News Weekly, April 9, 2005
There would appear to be something awfully awry with statistics that show a nation supposedly enjoying record low unemployment accompanied by a skills shortage "crisis" on the one hand, but which is still paying hand-outs to one in five working-aged citizens on the other.

But this is the case for schizophrenic Australia at the moment.

Unemployment is supposed to be at a 30-year low yet the number of people who are "disabled" has never been higher - more than 700,000 at the last count on the Disability Support Pension, and higher than those on unemployment benefits.

There are also more than 630,000 single parents (mostly mothers) who are on government benefits for an average length of 12 years.

And the total number of people on welfare (not including the old age pension) is around 2.7 million people - all during the longest boom Australia has known.

In fact, the statistics are not lying. What they are telling us is that there is a vast underclass in Australia - much bigger than anyone cares to admit. It is an underclass which has not enjoyed the benefits of the long boom and the associated housing bonanza and which has been absorbed into a dysfunctional welfare system.

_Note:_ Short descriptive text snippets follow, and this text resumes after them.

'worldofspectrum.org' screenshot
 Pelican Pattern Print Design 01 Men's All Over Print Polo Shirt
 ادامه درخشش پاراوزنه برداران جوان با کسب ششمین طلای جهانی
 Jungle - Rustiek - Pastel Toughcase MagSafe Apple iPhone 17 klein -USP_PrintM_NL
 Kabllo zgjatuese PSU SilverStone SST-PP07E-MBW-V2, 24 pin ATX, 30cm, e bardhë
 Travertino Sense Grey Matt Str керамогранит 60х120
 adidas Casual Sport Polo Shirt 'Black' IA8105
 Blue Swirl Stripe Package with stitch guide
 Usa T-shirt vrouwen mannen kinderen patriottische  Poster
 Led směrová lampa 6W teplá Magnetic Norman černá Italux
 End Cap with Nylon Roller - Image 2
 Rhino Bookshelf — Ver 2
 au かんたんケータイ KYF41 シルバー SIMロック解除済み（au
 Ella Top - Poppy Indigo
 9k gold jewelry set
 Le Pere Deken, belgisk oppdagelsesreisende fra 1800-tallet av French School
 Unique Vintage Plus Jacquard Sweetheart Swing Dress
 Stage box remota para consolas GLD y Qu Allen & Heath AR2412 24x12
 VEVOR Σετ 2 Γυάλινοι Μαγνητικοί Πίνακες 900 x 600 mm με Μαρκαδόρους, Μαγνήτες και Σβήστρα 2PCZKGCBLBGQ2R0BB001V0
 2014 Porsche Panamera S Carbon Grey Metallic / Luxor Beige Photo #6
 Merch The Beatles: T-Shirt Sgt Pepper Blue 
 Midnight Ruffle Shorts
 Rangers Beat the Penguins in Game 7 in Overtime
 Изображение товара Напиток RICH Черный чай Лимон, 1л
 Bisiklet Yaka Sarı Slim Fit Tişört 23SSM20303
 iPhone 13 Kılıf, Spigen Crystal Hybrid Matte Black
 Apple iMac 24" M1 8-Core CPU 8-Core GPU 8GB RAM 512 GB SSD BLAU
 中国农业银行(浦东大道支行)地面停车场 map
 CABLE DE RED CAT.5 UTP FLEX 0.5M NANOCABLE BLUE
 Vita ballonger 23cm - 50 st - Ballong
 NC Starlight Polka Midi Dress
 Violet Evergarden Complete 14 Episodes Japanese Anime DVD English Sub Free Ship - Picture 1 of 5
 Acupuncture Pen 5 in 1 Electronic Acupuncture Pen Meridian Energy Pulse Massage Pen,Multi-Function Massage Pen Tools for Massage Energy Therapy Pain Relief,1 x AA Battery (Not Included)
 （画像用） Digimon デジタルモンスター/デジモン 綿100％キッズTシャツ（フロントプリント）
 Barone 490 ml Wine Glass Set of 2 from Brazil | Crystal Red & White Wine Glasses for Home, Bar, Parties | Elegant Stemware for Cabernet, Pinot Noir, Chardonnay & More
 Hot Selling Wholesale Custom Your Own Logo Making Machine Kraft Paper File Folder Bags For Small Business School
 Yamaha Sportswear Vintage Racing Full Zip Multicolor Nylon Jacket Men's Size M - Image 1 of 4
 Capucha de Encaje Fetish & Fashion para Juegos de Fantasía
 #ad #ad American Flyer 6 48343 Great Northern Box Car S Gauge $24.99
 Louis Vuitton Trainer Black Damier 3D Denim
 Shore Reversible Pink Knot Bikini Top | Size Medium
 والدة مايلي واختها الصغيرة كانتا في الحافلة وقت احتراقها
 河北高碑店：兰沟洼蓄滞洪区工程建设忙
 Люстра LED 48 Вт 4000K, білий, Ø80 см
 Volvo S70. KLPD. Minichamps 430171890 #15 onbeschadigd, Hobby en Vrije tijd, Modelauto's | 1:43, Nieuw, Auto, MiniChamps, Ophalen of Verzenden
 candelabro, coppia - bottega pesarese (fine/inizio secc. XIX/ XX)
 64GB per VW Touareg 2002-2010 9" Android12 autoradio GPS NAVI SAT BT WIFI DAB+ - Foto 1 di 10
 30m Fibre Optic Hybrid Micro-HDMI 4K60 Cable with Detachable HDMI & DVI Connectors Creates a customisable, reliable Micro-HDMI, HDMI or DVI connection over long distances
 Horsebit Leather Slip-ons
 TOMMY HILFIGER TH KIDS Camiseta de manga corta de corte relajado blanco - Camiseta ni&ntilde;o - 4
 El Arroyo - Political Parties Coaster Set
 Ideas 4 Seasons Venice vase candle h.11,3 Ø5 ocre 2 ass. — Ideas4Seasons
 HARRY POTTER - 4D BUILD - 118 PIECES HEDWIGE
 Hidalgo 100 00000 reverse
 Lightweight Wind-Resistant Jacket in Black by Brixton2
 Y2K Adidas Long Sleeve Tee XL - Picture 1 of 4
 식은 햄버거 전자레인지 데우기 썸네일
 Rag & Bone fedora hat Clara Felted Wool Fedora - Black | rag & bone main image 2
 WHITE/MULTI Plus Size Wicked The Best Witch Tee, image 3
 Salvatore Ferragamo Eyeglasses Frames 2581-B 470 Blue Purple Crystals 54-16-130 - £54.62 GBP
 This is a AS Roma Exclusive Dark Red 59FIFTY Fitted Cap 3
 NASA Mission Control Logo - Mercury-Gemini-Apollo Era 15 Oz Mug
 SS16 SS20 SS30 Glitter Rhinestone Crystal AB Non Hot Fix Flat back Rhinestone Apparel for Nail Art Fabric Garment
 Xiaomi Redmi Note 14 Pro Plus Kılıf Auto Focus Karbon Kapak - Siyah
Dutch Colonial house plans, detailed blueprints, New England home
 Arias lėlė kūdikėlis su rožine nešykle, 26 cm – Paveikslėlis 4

The job placement system, which was privatised by the Howard Government, basically offloads those people who are simply too difficult to place. These include older, mostly male workers, single mothers, long-term unemployed and people with chronic physical or mental illnesses.

Obviously, many people on the disability pension have severe incapacities, but many more suffer depression, addictions and ailments which should not preclude some kind of work.

According to a recent OECD report poverty is growing faster in Australia than in most other developed countries.

The poorest fifth of the population earn only 1.6 per cent of total wages and salaries. Government handouts lift this to 7.6 per cent of disposable income. But the government handouts are part of the problem.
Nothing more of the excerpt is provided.